Your task – Of the entries below, restate word for word only the section that runs from the line with "Foto eines Segelschiffes in Travem&uuml;nde" to the line with "Sonia Viviani - Actor Profile Photo", counting both ends.

Data for review –
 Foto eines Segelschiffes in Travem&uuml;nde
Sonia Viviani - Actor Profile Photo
---
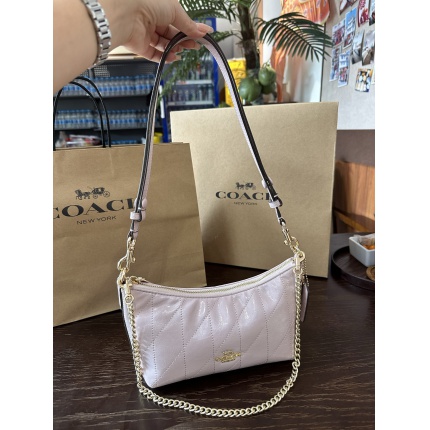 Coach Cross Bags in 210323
--
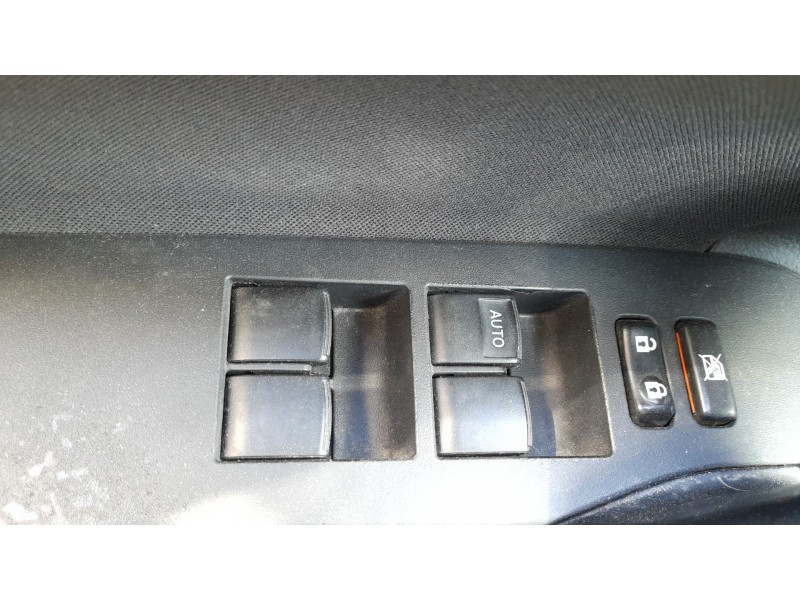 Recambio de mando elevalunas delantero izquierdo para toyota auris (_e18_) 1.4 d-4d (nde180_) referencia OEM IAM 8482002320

Solution for this task –
 Foto eines Segelschiffes in Travem&uuml;nde
Sonia Viviani - Actor Profile Photo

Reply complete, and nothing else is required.